In modern execution environments, a program generally only has control of its own private virtual memory and the unprivileged state of the central processing unit (CPU) executing the program. To alter the state of the system at large, the program must request that the operating system (OS) perform some operation on its behalf, almost always by calling a well-defined API function provided by the OS. Capturing the API calls performed by a program, and additionally the parameters supplied in each call and the result of each call, is a simple, concise, and effective means of profiling the behavior of a program.
Most API call profiling systems execute a program of interest in a virtual machine featuring a complete OS installation and some amount of user- or kernel-mode instrumentation for intercepting and recording API calls. However, such a dynamic analysis approach consumes a significant amount of resources required for each virtual machine, thereby dramatically limiting the number of virtual machines that can concurrently run on a physical computer. In addition, programs are typically executed in real-time and so they might wait for some event to occur or time interval to elapse before exhibiting any significant activity—meaning the system might be forced to run each program of interest for minutes or risk aborting before the program has performed substantive API calls.
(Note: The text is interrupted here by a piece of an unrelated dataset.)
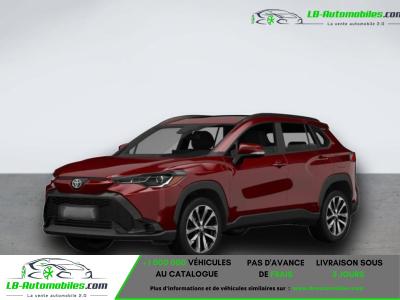 Toyota Corolla Cross Hybride 196ch BVA 4X4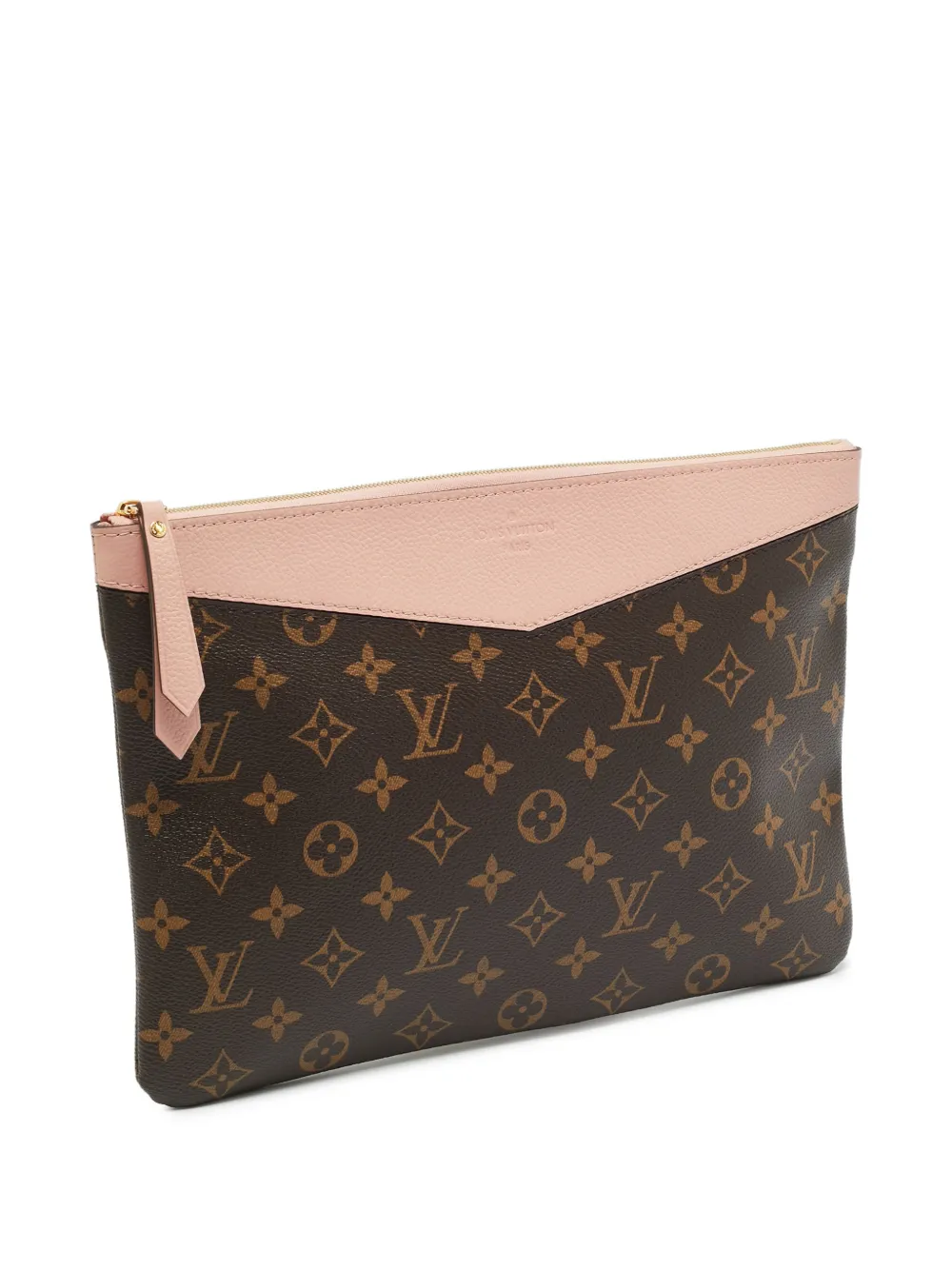 Louis Vuitton Pre-Owned デイリー モノグラム クラッチバッグ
Lighter-weight implementations that emulate programs of interest have been adopted. However, emulators often suffer from incomplete implementations of the API and detectable divergences from the behavior of a real execution environment, but they generally offer size and speed benefits. Both emulators and virtual machines face the significant drawback that they can only profile a single path of execution—generally they do not consider the other paths which execution potentially could have followed through the code.